▸ **Exercise requirements**
Beneath this line sits some data. Return only its lines from the one holding "梯子和粉色纸人手牵着手。粉红色的背景" through the one holding "Gangen er lys", inclusive, exactly, with the images removed.

▸ **Data supplied**
# # # # #
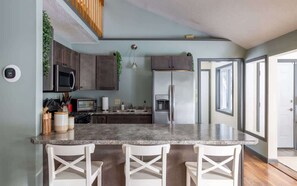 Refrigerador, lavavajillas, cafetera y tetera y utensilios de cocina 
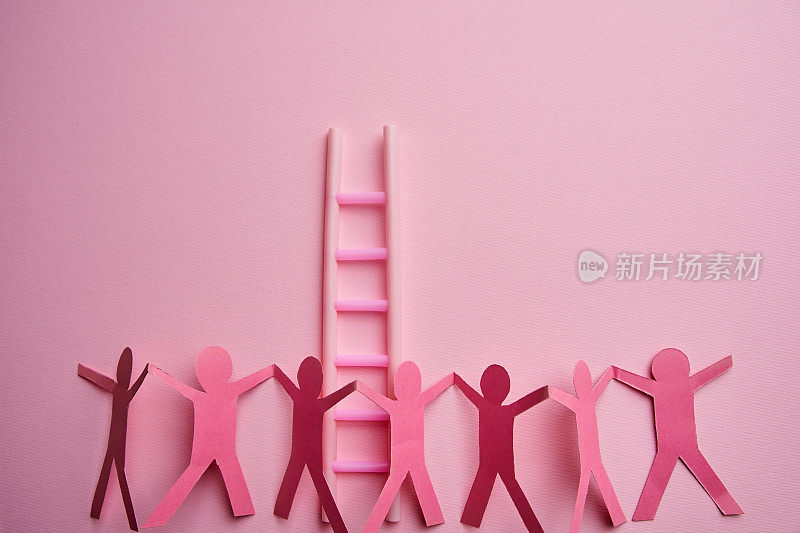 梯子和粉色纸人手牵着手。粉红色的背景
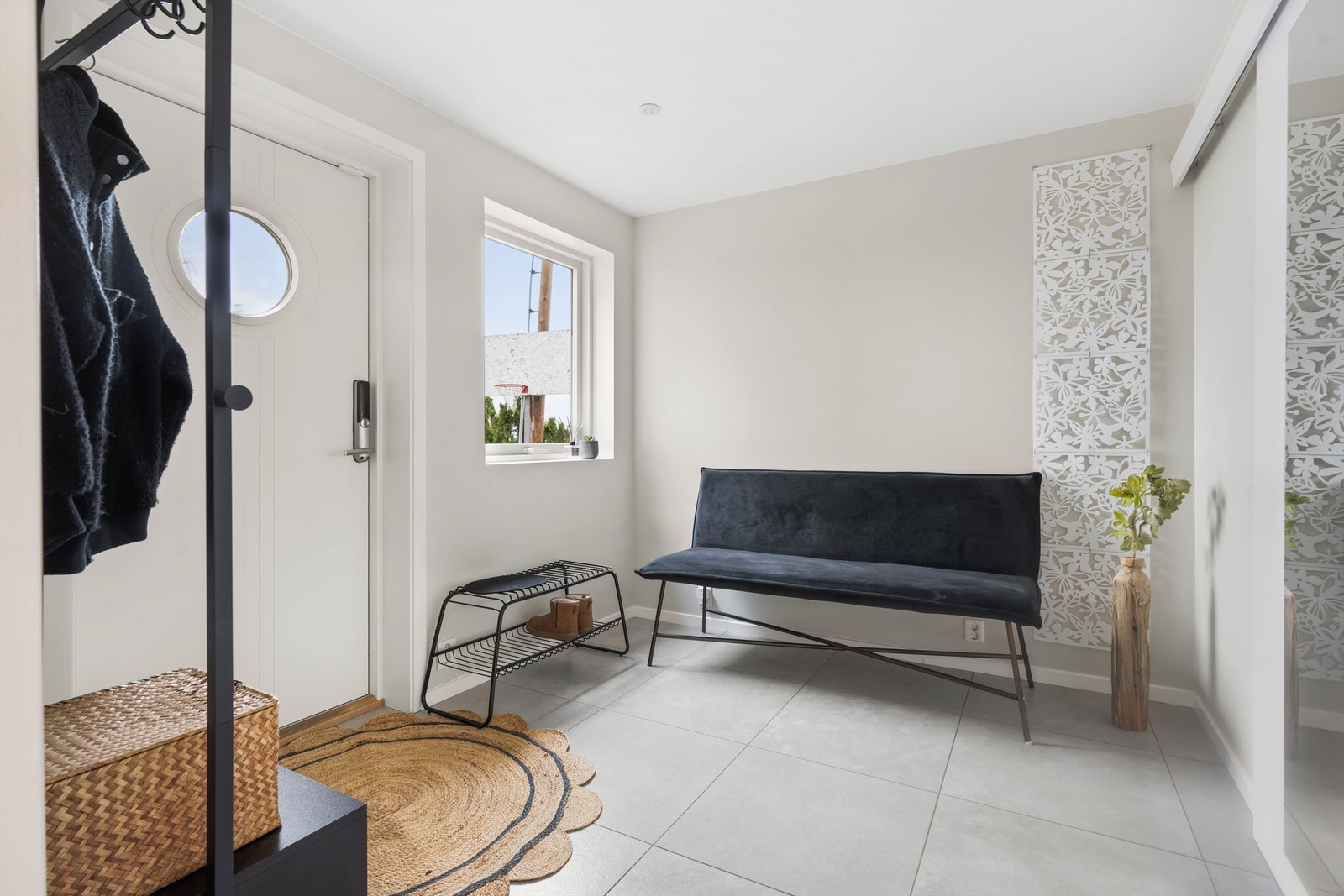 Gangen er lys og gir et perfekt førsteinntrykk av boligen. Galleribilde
# # # # #
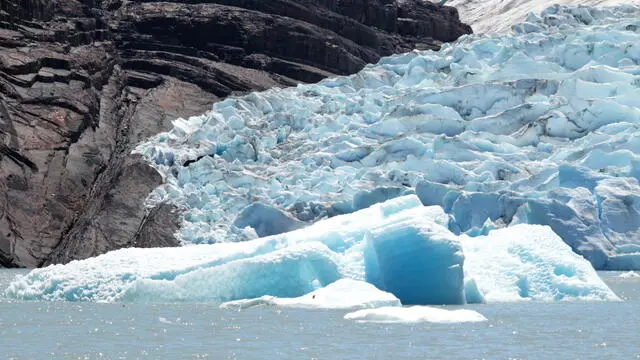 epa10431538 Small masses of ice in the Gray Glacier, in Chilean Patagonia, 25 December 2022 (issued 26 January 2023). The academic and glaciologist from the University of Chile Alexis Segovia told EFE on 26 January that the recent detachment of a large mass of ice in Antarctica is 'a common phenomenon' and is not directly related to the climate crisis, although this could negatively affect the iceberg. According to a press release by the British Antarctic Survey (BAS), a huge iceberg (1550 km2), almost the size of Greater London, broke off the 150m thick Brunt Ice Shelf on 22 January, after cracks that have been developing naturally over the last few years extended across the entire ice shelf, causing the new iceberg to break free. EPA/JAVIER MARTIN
# # # # #
▸ **Exercise answer**
 梯子和粉色纸人手牵着手。粉红色的背景
 Gangen er lys og gir et perfekt førsteinntrykk av boligen. Galleribilde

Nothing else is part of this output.